The Acrobats is about a group of ex-patriots and and native Spaniards living in Valencia in 1954. The events take place over a few days, and switches rapidly between this set of crisply drawn characters. Some are portraits in miniature, others mere sketches or representative types. There is Andre Bennet, the twenty-something Canadian painter; Roger Kraus, the middle aged German veteran of both the Spanish Civil War and World War II; Chaim, the owner of a successful night club; Toni, a dancer in the club; Barney and Jessie, a dissolute married couple; Guillermo and Manuel, two communist counter-revolutionaries; and so on.
Valencia is described colorfully, and some of the best writing goes into developing the city as a decayed, dying place, a melting pot for the lost and the desperate, where the only hope is to somehow leave. It reads as an even more desperate place than the description of Casablanca in the film of the same name.

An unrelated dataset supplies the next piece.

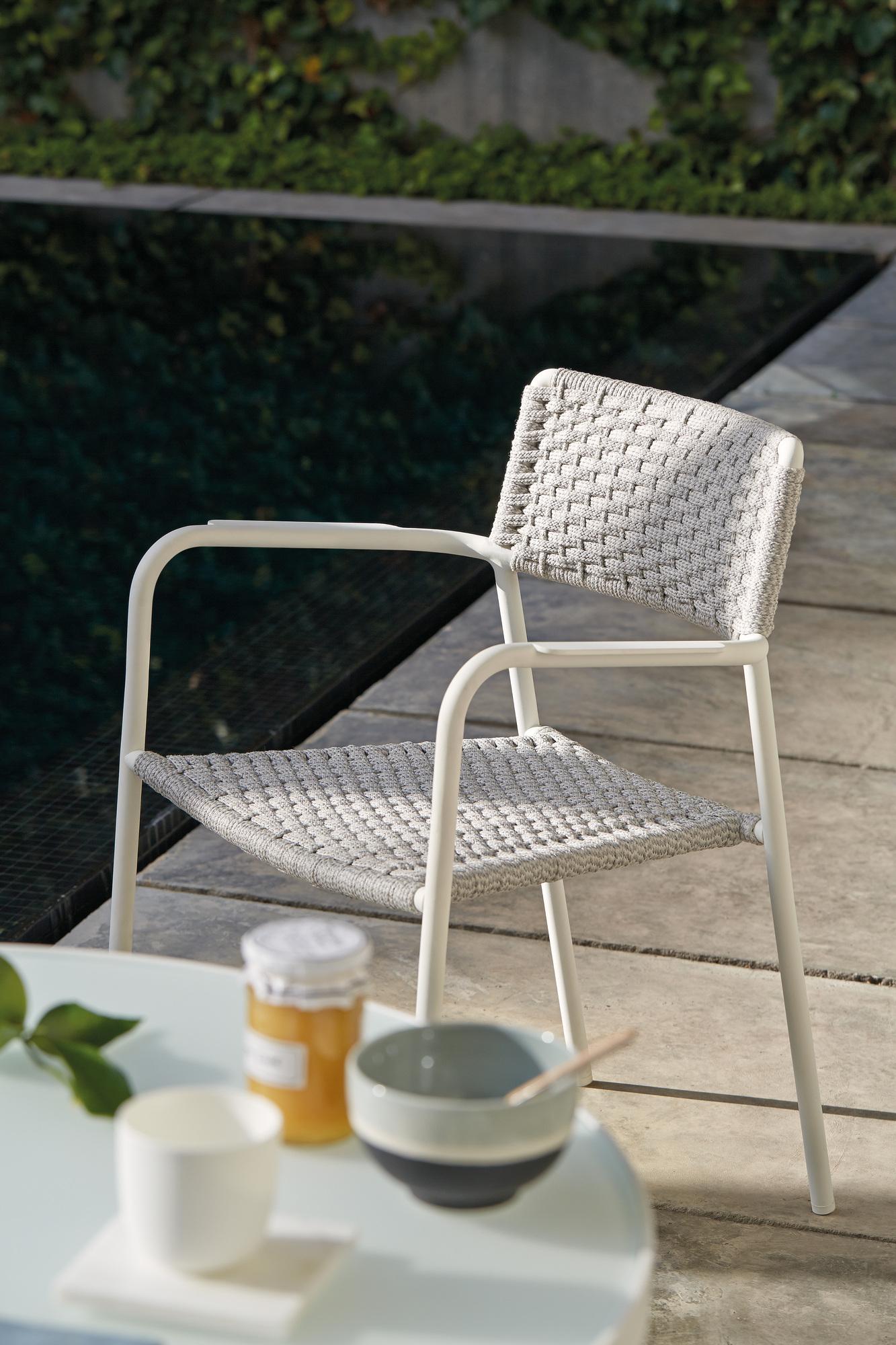 Manutti Echo Dining Chair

Andre is nominally the lead character. He is traumatized by something in his past, he is drunk much of the time, but when sober he is still behaves confusedly and even hallucinates. Because of this he is a poor choice of main character. Also, his characterization is clunky. He is self-possessed one scene, childish in another, savvy in another scene, then naif the next. This can not be explained by his mental state, this is just uncertain characterization.
A better choice for a lead character is Chaim, the club owner. A survivor, he has the Rick part. As the stories of the various characters move forward and overlap, they all intersect with Chaim and his club. He is the relatively calm center of the crumbling lives in this crumbling city.
The villain is nominally Kraus, but Richler enters into Kraus' mind also, to make us understand Kraus' motives and point of view. To Kraus, he is the hero and believes Andre is the villain. Kraus' later actions are what can be described as an early (the first?) depiction of what we today term post-traumatic-stress-disorder.
There is enough good writing and interesting story and place here to justify giving The Acrobats a read. At times the characters are too obviously symbols, and when Richler tries for a profound one-liner he stretches himself too far. But as a first novel for a great writer it is very good.